22 Nisan 2013 Pazartesi

TÜİK İstatistiklerle Çocuk Raporu Üzerine

TÜİK 23 Nisan'ın önemine atfen İstatistiklerle Çocuk, 2012 isimli çalışmasını yayınladı.  
2012 sonu itibariyle nüfusumuz 75.627.384
2012 çocuk nüfusumuz 22.692.174
Her yıl nüfusumuza 1.250.000 bebek dahil oluyormuş. 
Çocuk nüfusun %5,9'u ekonomik işlerle çalışmaktaymış.

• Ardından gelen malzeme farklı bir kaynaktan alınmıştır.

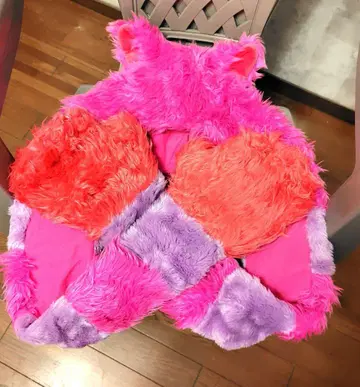 디즈니 체셔 고양이 치샤 고양이 팬캡 머플러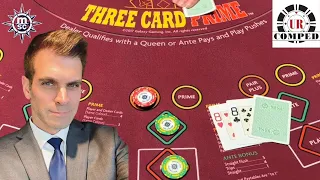 🟡3 CARD POKER FUN ON MY MSC CRUISE!☑️NEED 30 NEW SUBS TODAY!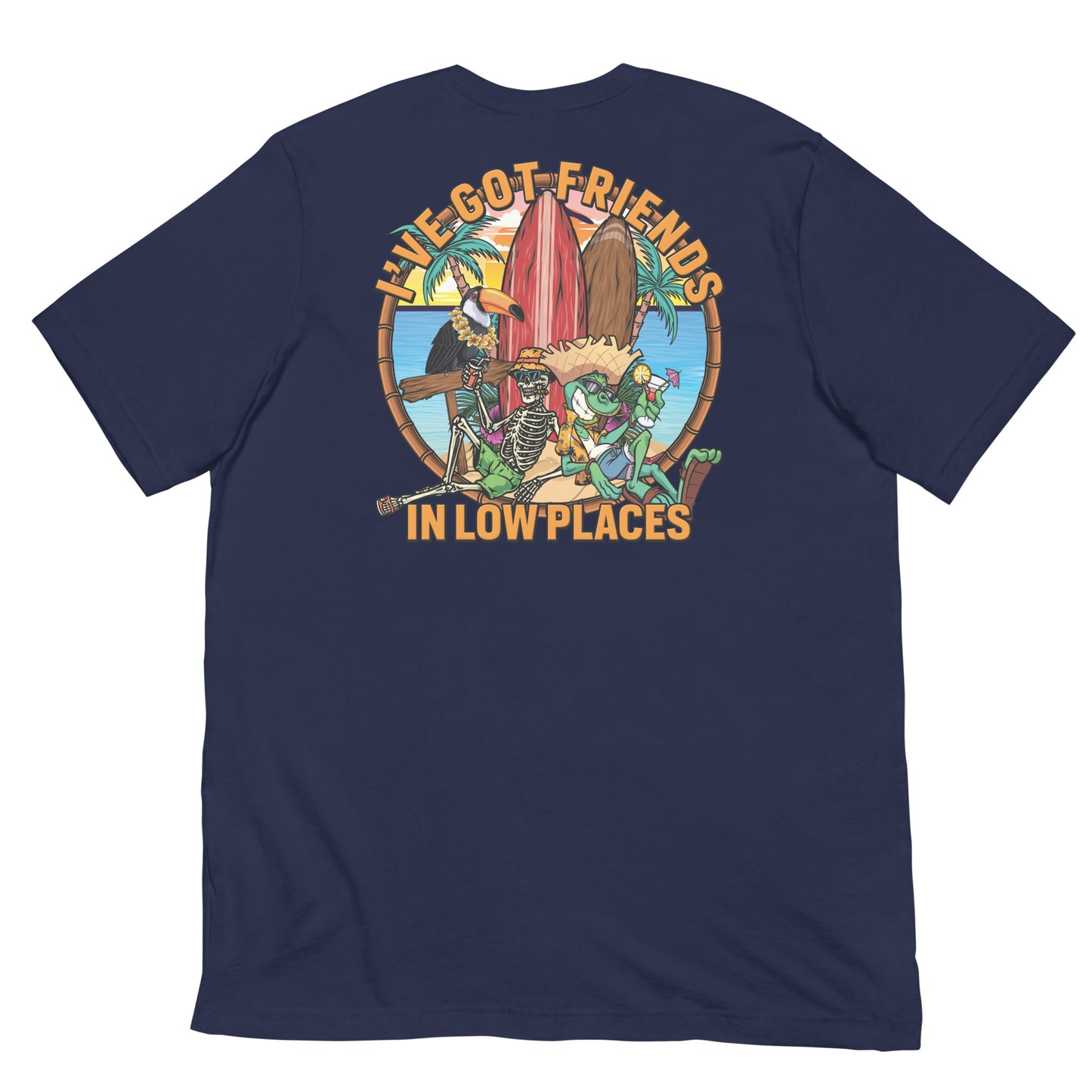 Low Places Short Sleeve Shirt
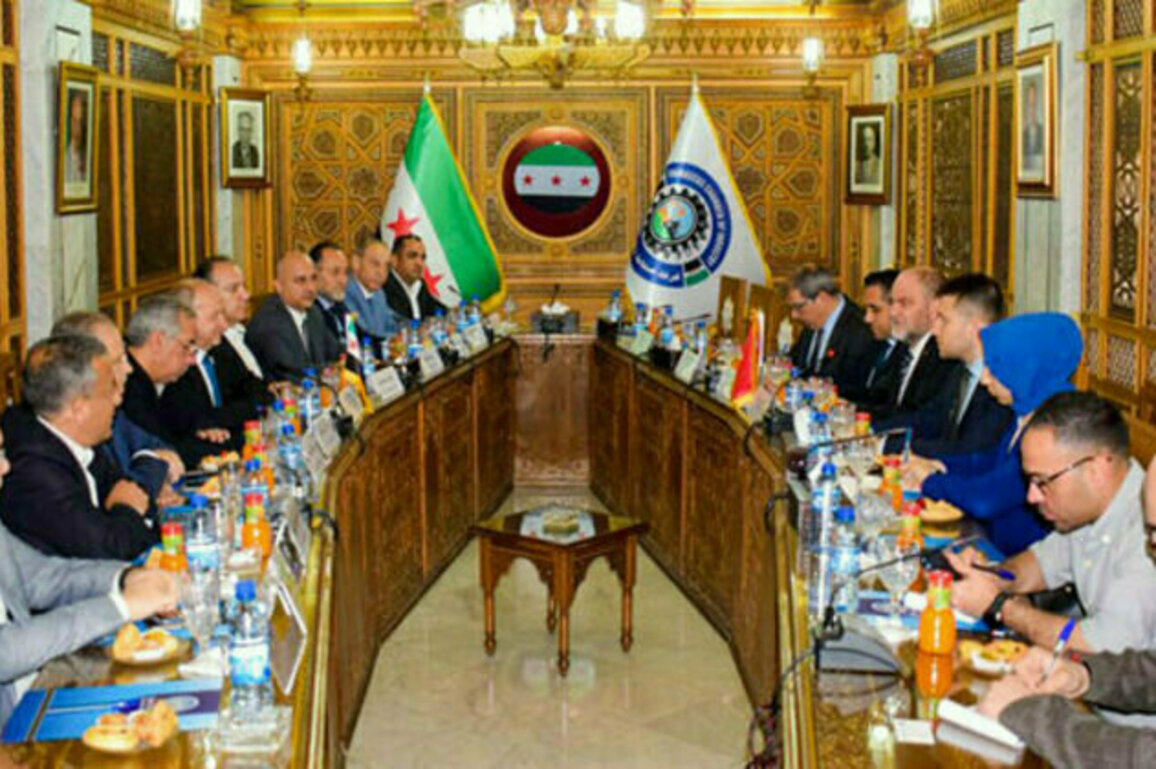 Syria, Turkey discuss boosting industrial and trade relations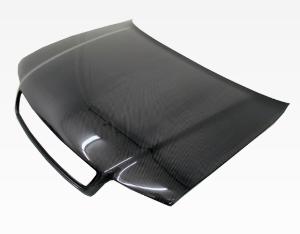 96-01 AUDI A4 4dr VIS Carbon Fiber Hood - OEM Style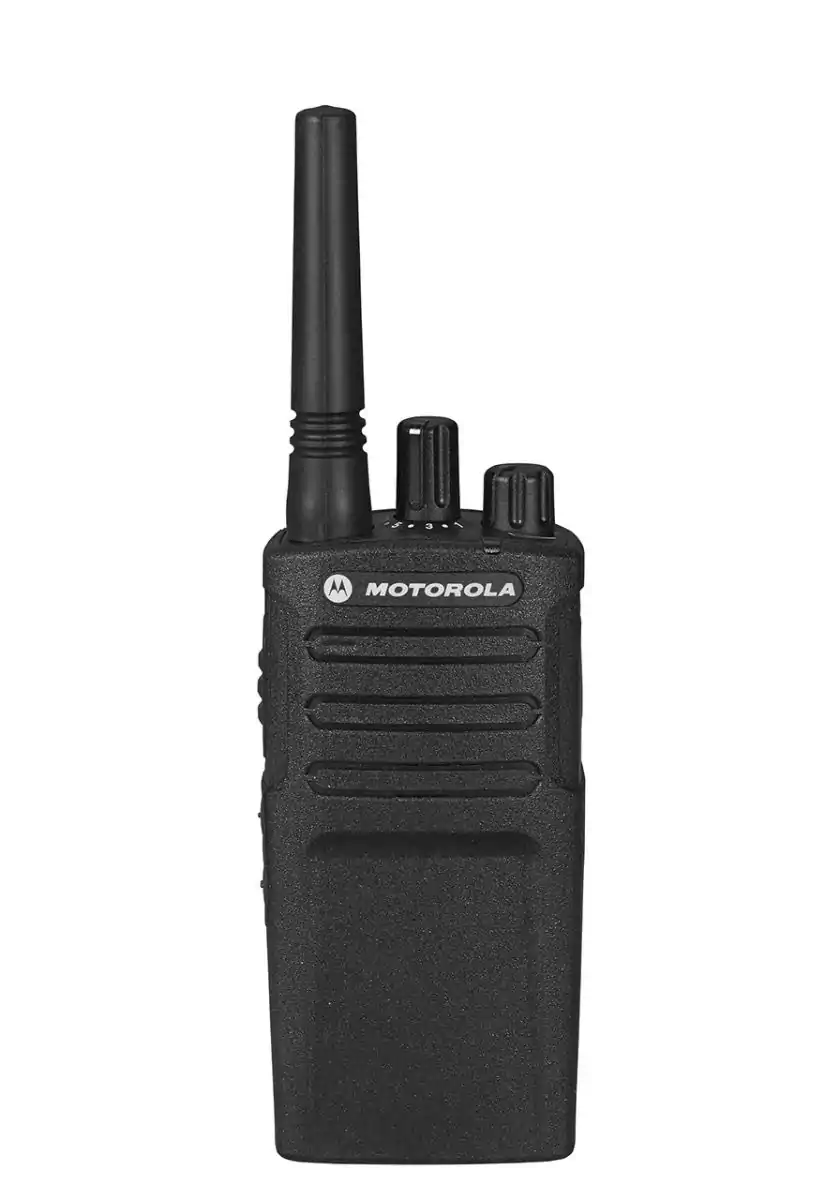 Motorola XT420 portofoon met tafellader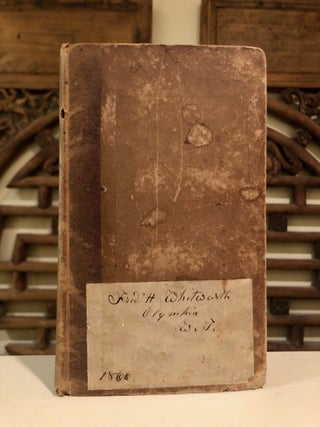 Item #6425 Second Series of a Diary in America with Remarks on its Institutions Complete in One...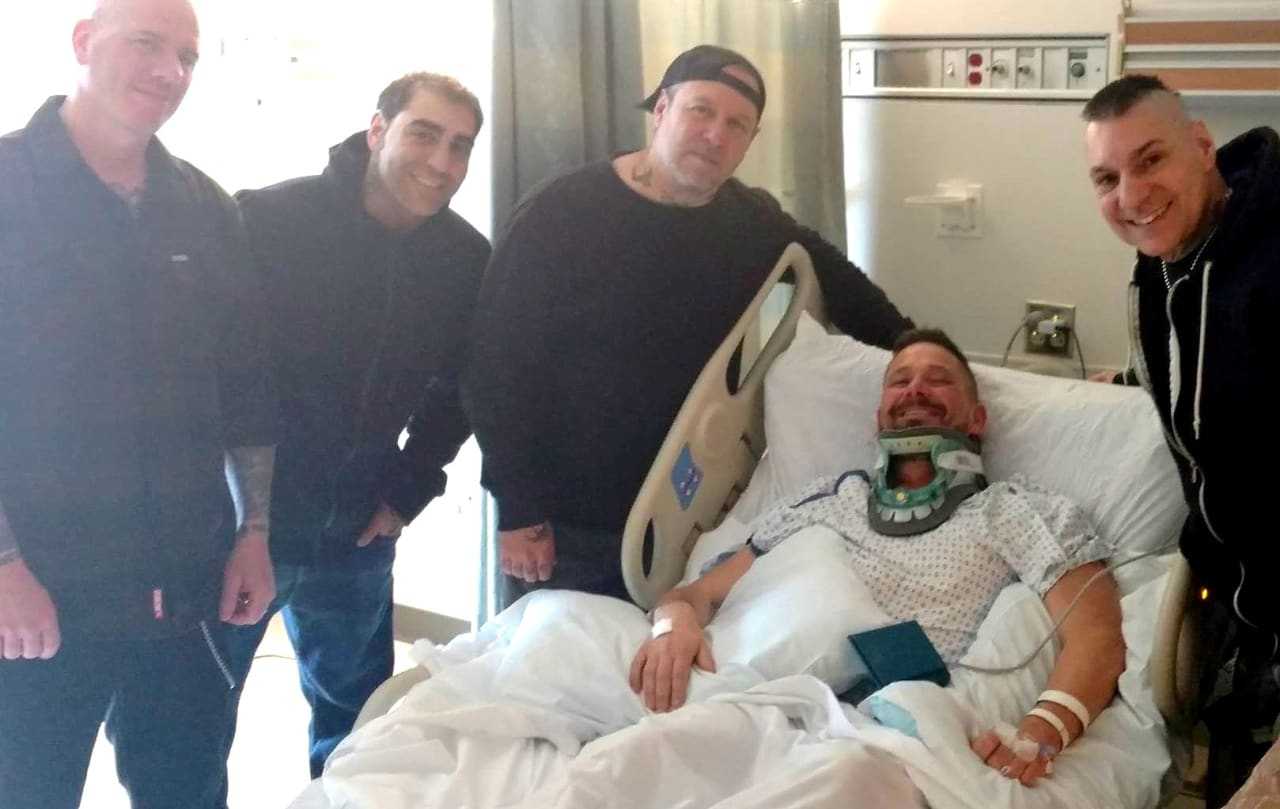 Kooken's visitors included members of Agnostic Front and others in the hardcore community.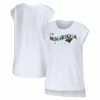 Outlet 🤩 Women's WEAR By Erin Andrews White Minnesota Wild Greetings From Muscle T-Shirt ❤️ -women‘s clothing store unnamed file 1479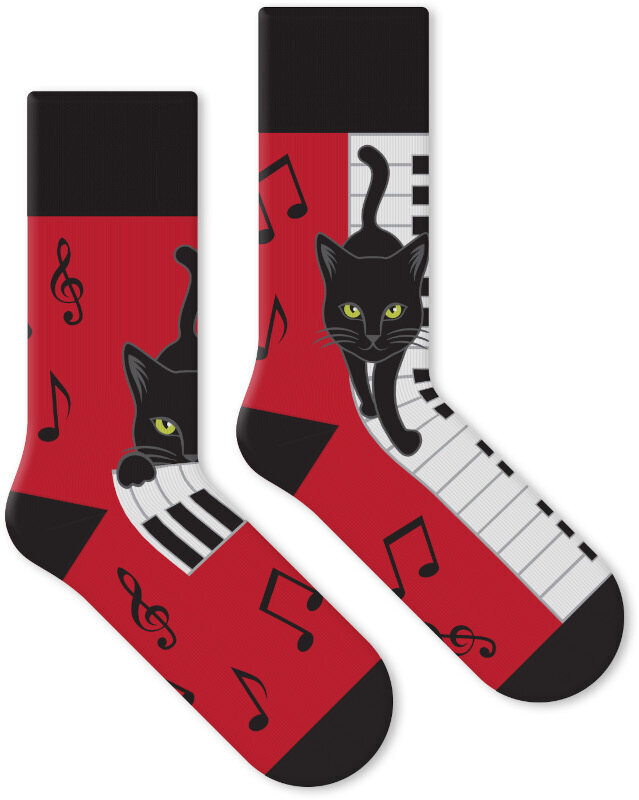 Socks Soxx Socks Piano Cat 35-38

İktidar ile muhalefet arasındaki nüfus politikası tartışmalarına yer vermek istemiyorum.

İstatistiksel veriler uzun vadeli devlet politikasının tespiti açısından önem arz ediyor. Planlama bu veriler üzerine inşa edilecek.

Bitmek bilmeyen siyasi, ekonomik ve sosyal krizler ile birlikte yaşıyoruz. Sorunların çözümü için bir yerden başlamak gerekiyor. 

Devlet, vatan dediğimiz toprak parçası üzerine kurulu. Gerek gerçek gerekse tüzelkişilerin; sahibi oldukları toprak parçasının yeri ve sınırlarının tespiti için yapılan çalışmalara kadastro diyoruz. Kadastro, Genel ve Orman Kadastrosu olarak ikiye ayrılıyor. Türkiye Cumhuriyeti 90 yıllık tarihinde kadastro çalışmalarını ancak bitiriyor. Dünya'da M.Ö. 3000'li yıllarda başlayan 1800 yıllarda bitirilen kadastro çalışmalarını biz ancak bitirebiliyoruz.

Kadastro çalışması tamamladık. Yerleşim yerlerindeki yapılaşmanın plan, çevre, fen ve sağlık şartlarına uyumluluğu için Belediye veya Valilikler tarafından yapılan imar çalışmaları ise kadastro kadar önem arz ediyor. İmar çalışmalarının tamamlanması kadastro kadar uzun sürmeyecek ama birkaç on yıl içinde ancak bitirilebilecek. 

Çarpık yapılaşma kentsel dönüşüm ile bertaraf edilmeye çalışılacak. Milyarlarca liraya mal olacak bu çalışmaların finansmanı sorununu emek maliyetinin yanında bir şey ifade etmiyor. Bozulmasına göz yumulan kent estetiğinin düzelmesi yıllar alacak. 

Nüfusa dair birkaç istatistikten yola çıktık. Konu bayağı dağıldı.  Sırası gelmişken nüfus davalarından bahsedelim. Akrabalar arasındaki nesep bağının kurulmasına ilişkin davalar özellikle miras hukuku konusunda sıkıntı çıkmaması için önem arz ediyor. 

Özel Hukuk içerisinde en problemli alanı gayrimenkul davaları oluşturur. Bu davalar niteliği gereği uzun süren davalardır. Tapu kayıtlarının tutulmasındaki problemler, nüfus kayıtlarının tutulmasındaki problemlerle birleşince gayrimenkul davaları uzadıkça uzuyor. Nüfus kayıtlarını incelediğinizde halen 1800 yıllarda doğmuş olup ölüm kaydı düşülmeyen kişilere ulaşmak mümkün. Nüfus kayıtlarımız tam anlamıyla düzgün tutulamıyor. 

Okuma yazma oranı ile ilgili 2012 tarihli son TÜİK verisine göre yaklaşık 3 milyon vatandaşımız okuma yazma bilmezken yine aynı rapora göre 2 milyona yakın vatandaşımızın okuma yazma bilip bilmediği konusunda herhangi bir veriye sahip değiliz.

Oturduğumuz arazinin kimin olduğunu bilemiyoruz, ikamet ettiğimiz arazilerdeki binalar yapılaşmaya uygun değil, nüfus kayıtlarımız sağlam değil, 4.5 milyon vatandaşımıza 90 yılda okuma yazma öğretememişiz. Peki 22 milyon çocuk büyüyünce istatistiklerin neresinde yer alacak?